In this post I will discuss the three elements of Mashup sign-on process: Security(SSO), Access Control and Single Identity. I see a lot written and done about each individually but I think that it is not always clear what solution map to which problem.
If you are familiar with this subject then you can skip to the next paragraph (or this post entirely). For the ones that are not familiar with mashups and how to get them working for you, please read this short preface. There are many online services today: social networks like Facebook, bookmarking services like ma.gnolia, news like Digg, media sharing sites like Fliker and YouTube, and more. In the screen capture of the form below you can find 43 such services. These services provide online APIs (a way to request data and to execute functionality in remote from service by the world outside). This allows the development of new services on top called Mashups. The new service interact with the underline services and add value because of the unique mix created. The first form below is taken from FriendFeed a mashup application that help you keep track of your friends’ activities across many web services. In this form you are requested to select the services that you permit the current application to pull or push information from and to (in the case of FriendFeed, pulling only). In order for the application to be able to access your data the system needs to know who you are i.e. your user name (login). In some cases it will ask you for your password too.

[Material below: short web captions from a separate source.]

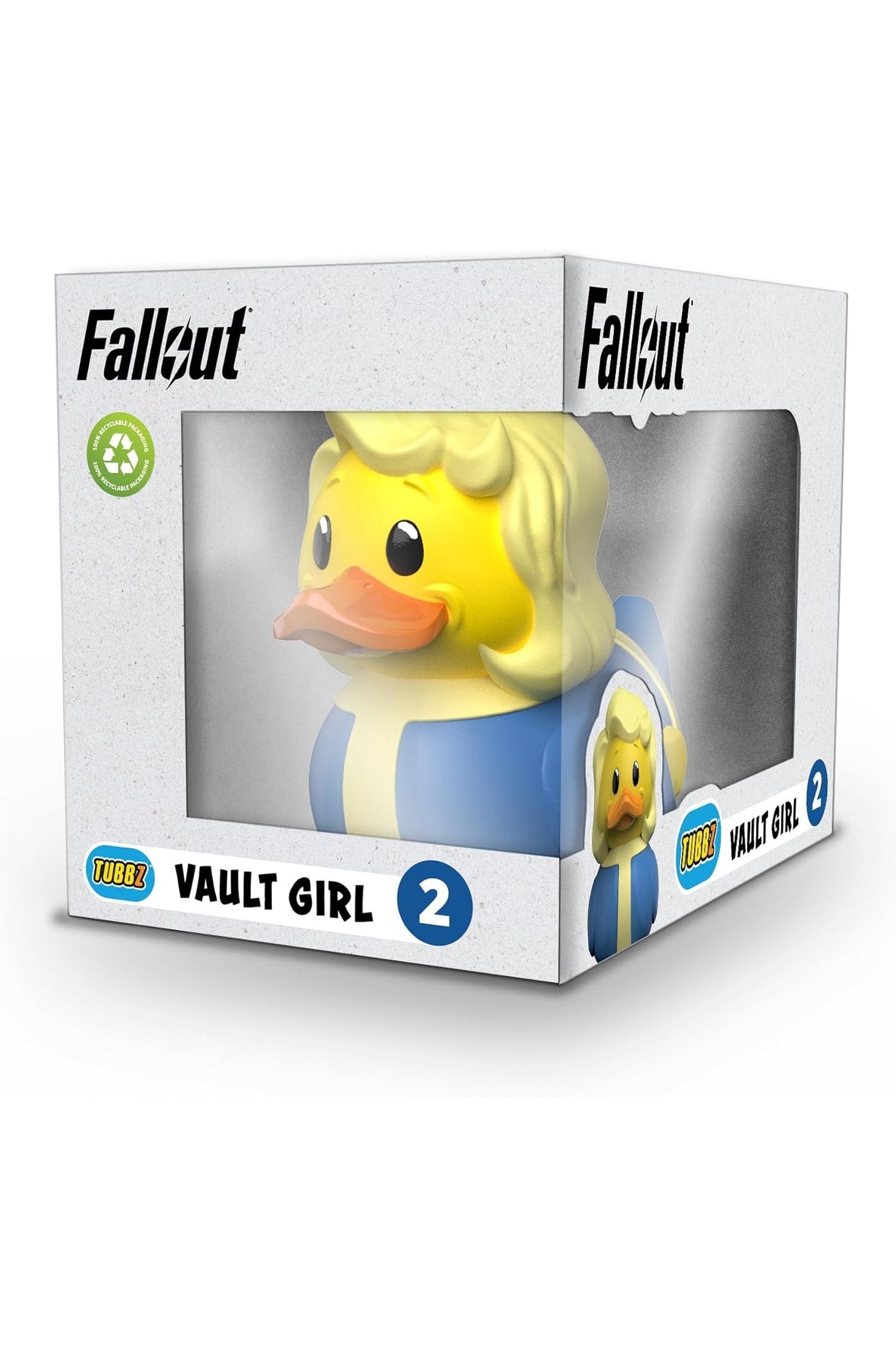 TUBBZ Boxed Edition Vault Girl Collectable Vinyl Rubber Duck Figure - Star Trek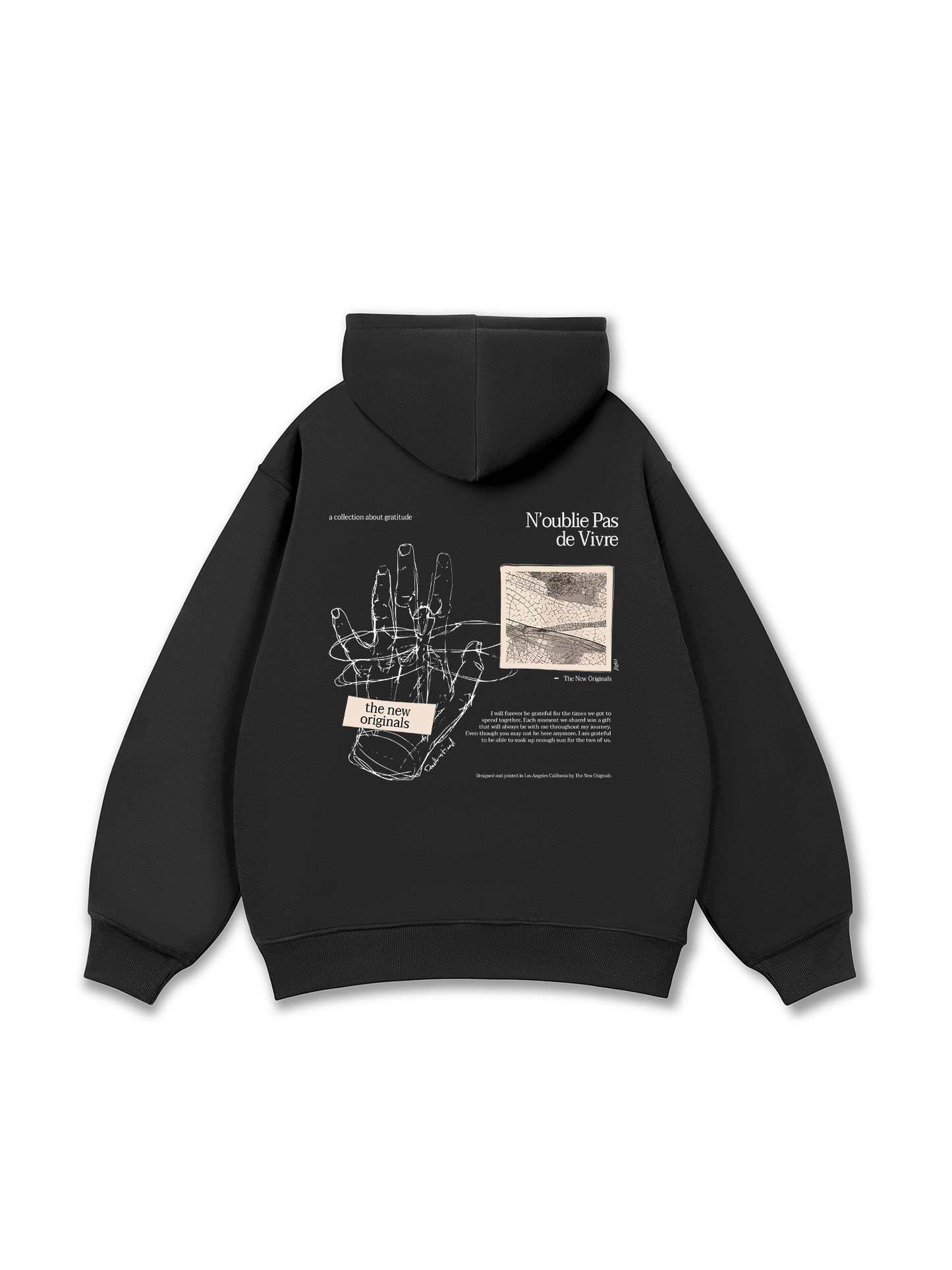 Áo Hoodie Nỉ Bông TROPICAL The Two Of Us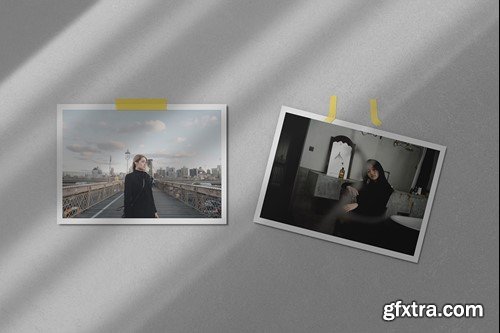 Photo Paper Mockup G8Y4MXC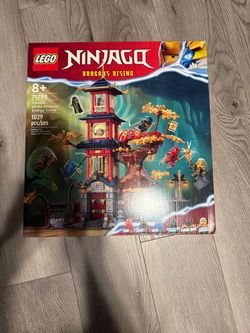 LEGO Ninjago Temple of the Dragon Energy Cores 71795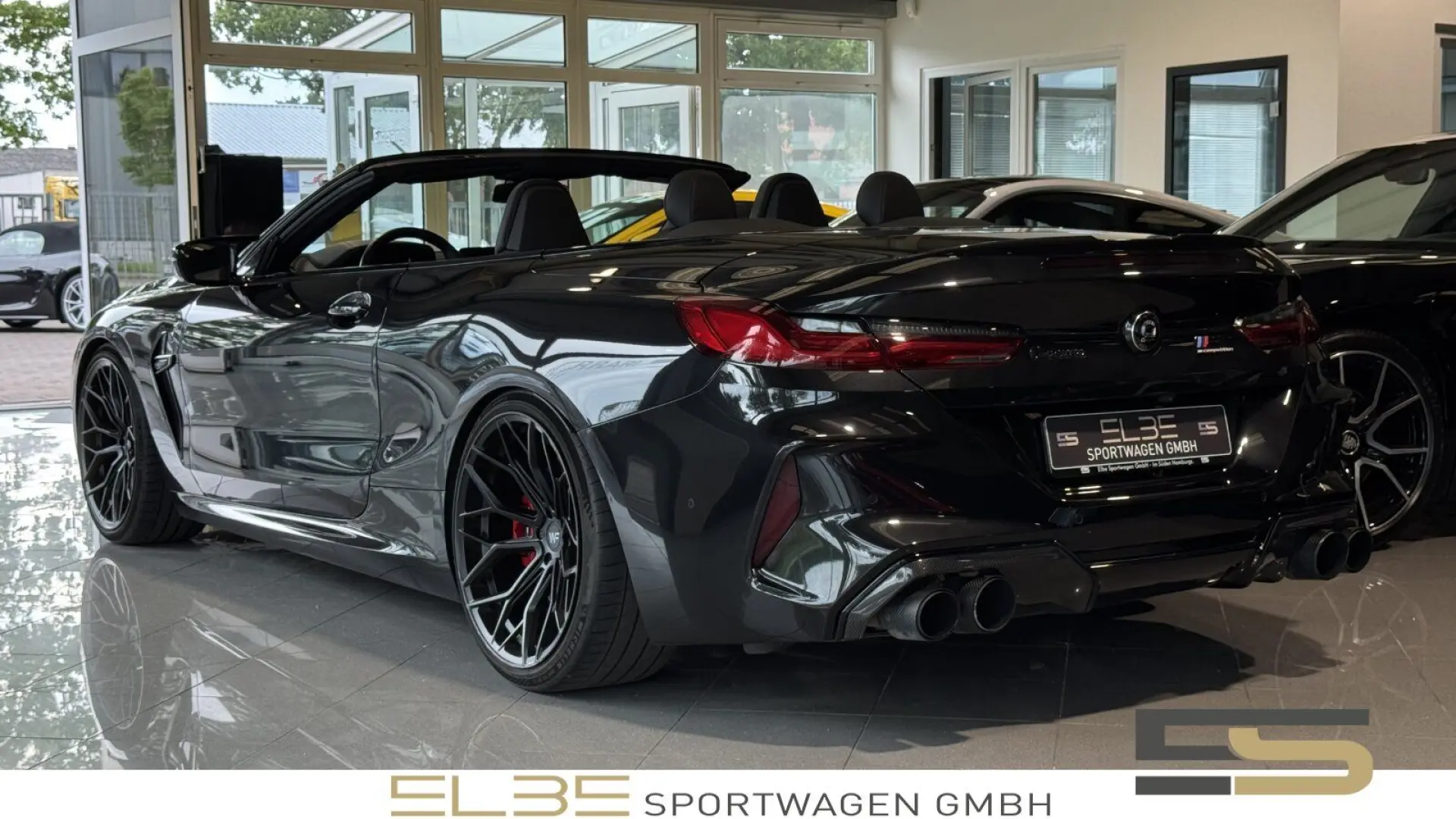 M8 COMPETITION 820PS G-POWER BOWERS CARBON SAGA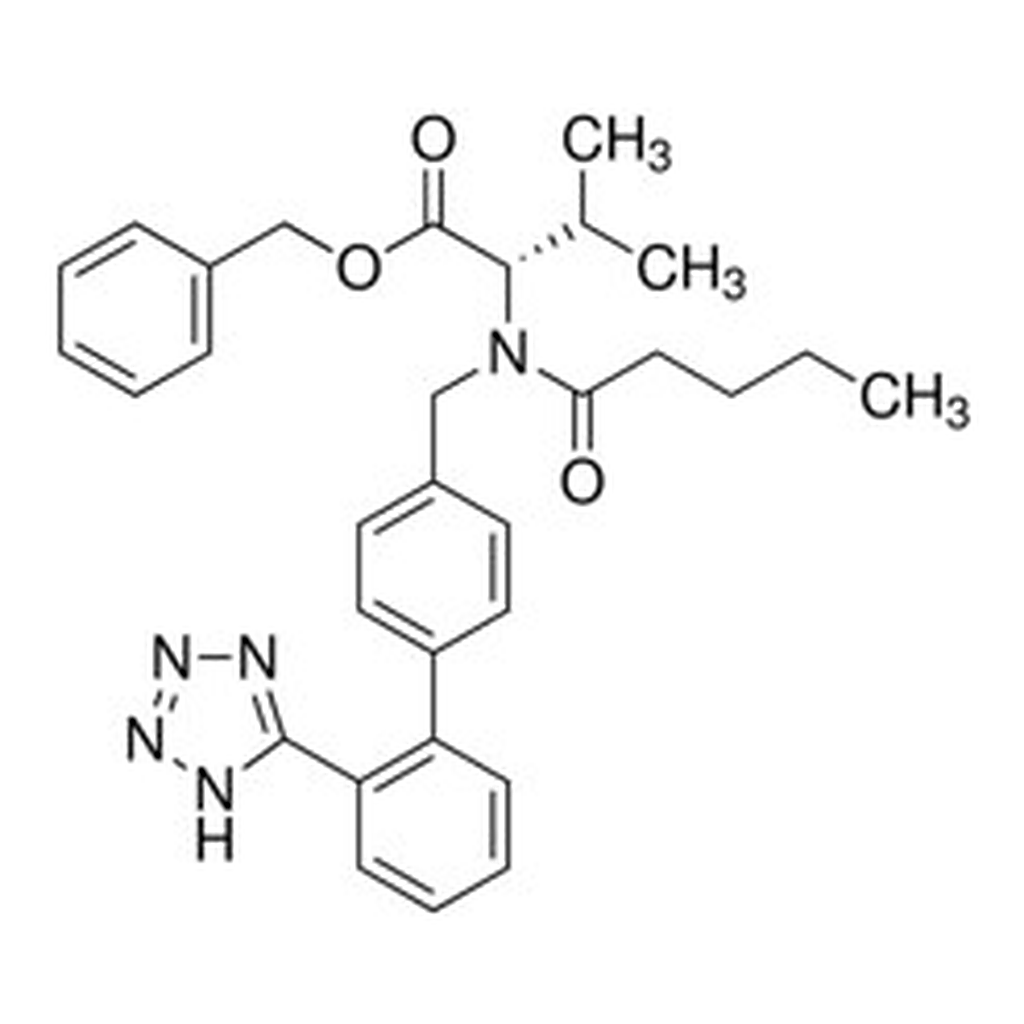 Merck N-VALERYL-N-{[2``-(1H-TETRAZOLE-5-YL)BIPH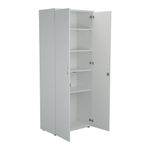 Jemini Wdn Cupboard 800X450X2000 Wht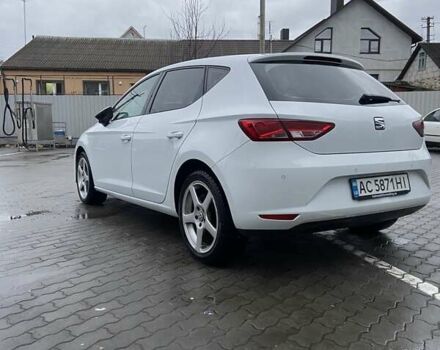 Білий Сеат Leon, об'ємом двигуна 1.4 л та пробігом 272 тис. км за 8900 $, фото 8 на Automoto.ua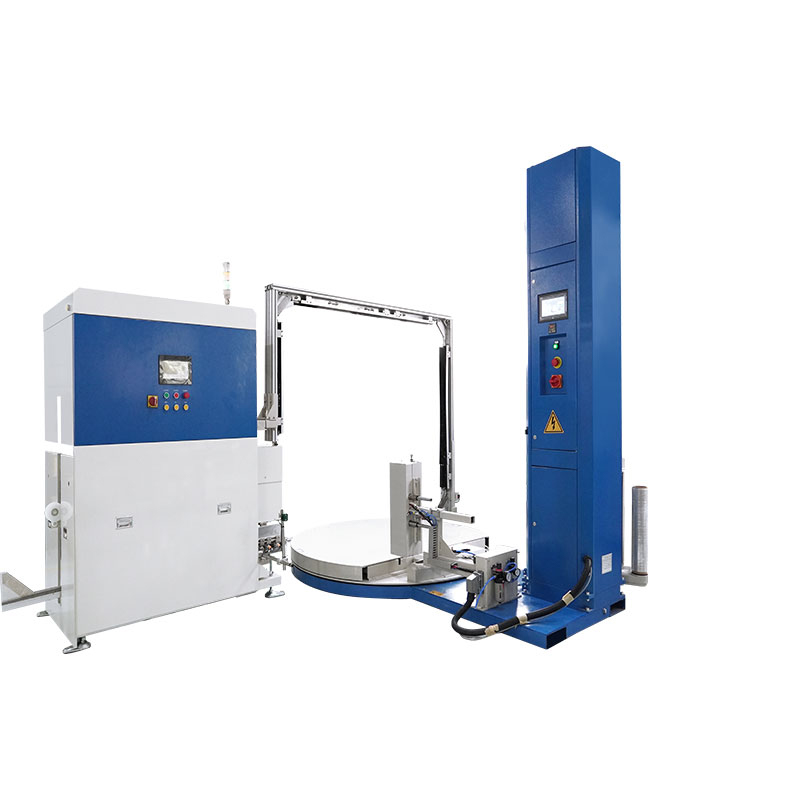 Sword strapping machine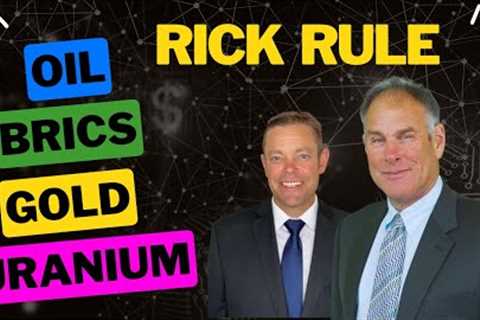 Rick Rule Portfolio Review - SilverCrest, Goviex, Global Atomic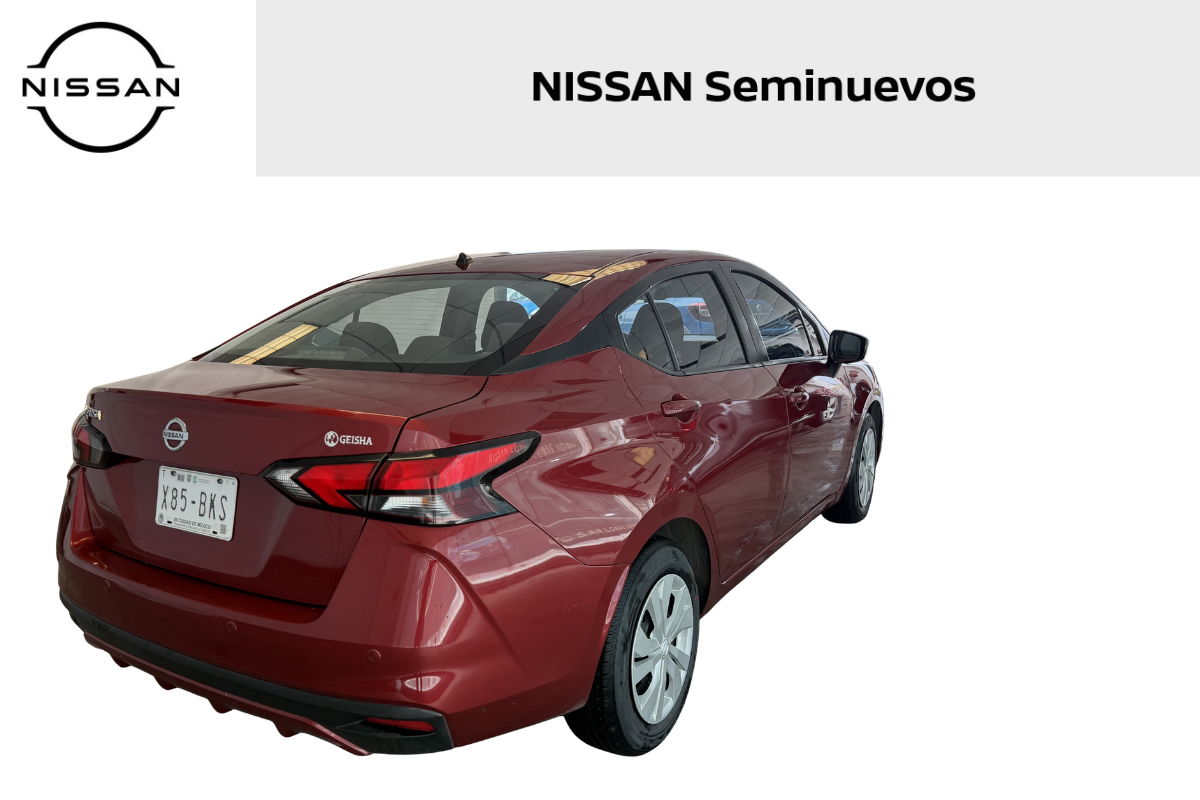 2022 Nissan Versa 4p Sense L4/1.6 Man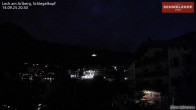Archiv Foto Webcam Lech: Hotel Schmelzhof 19:00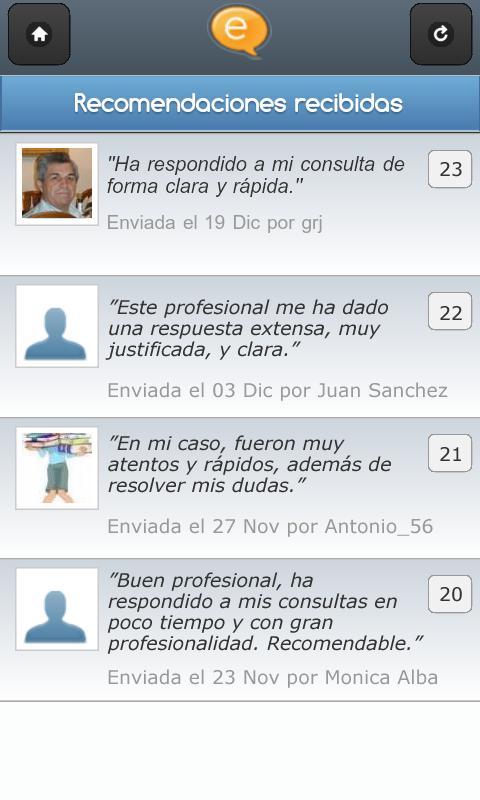 Red social de abogados截图3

These form raises three hot issues in the growing environment of open API and mashups. If you want to see how rapidly this world is growing look in this excellent source of information: ProgrammableWeb
- Security: not having login and password information stored in multiple places. Single sign-on (SSO)
- Access Control: having control over what the service can do with my data. Defining security policy.
- Single Identity: not having to re-enter my profile and friends’ information all over again. Data Portability.
Every service offers a sign-up process where you type in your login and password. Companies like Google, Microsoft and Yahoo that offer multiple applications online offers kind of single sign-on mechanism that once you’re signed in to one service you can safely go to the next one without re-login. The available solution for web sites that are not belong to the same company is the OpenID and here is an example for how to use it from WordPress. It is in a way the solution for single sign-on on the web today. Not all the services today support it but the adoption seems promising. If you want to see a decent amount of available options to authenticate across service just click on the “Sign in using” drop down list in ma.gnolia’s login page.
When I allow a service to access my data from another service I don’t have a way telling the source what I allow them to provide. I can’t tell the service if I allow it to just read my data or also the update information (e.g. updating Twitter status). It is mostly determined today by the APIs. If there is a way to configure it (to some extent in Facebook) it is not consistent across the web. I know that there is an effort by multiple leading software companies to deal with it. For more information read the page about the new OAuth protocol.
The term profile today refers to way more than your name, address and email. I think that Facebook took it the farthest including your media preferences, activities and your choice of applications. But most important it includes your contacts i.e. your network. It is in the basis of most social network services that your experience and satisfaction from the site is in direct relationship with your network size. Yet, no one want to re-type his personal information and re-build his network. Some claim, and I agree, that this data should not belong to anyone but you. The Data Portability initiative is trying to eliminate the need for recreating your online identity and profile over and over again by defining a new open standards that will allow services to port it to your request. This is a great step and I can only hope to see it implemented across the web soon.
If you are new to the subject but not new to using mashup applications I hope that you’ll find this post helpful – maybe now you can start using the OpenID option instead of your login. If you are about to start a new service or mashup I hope that this will help you to think about how to make it easy for us to interact with it.
Do you see more ways for improving this process?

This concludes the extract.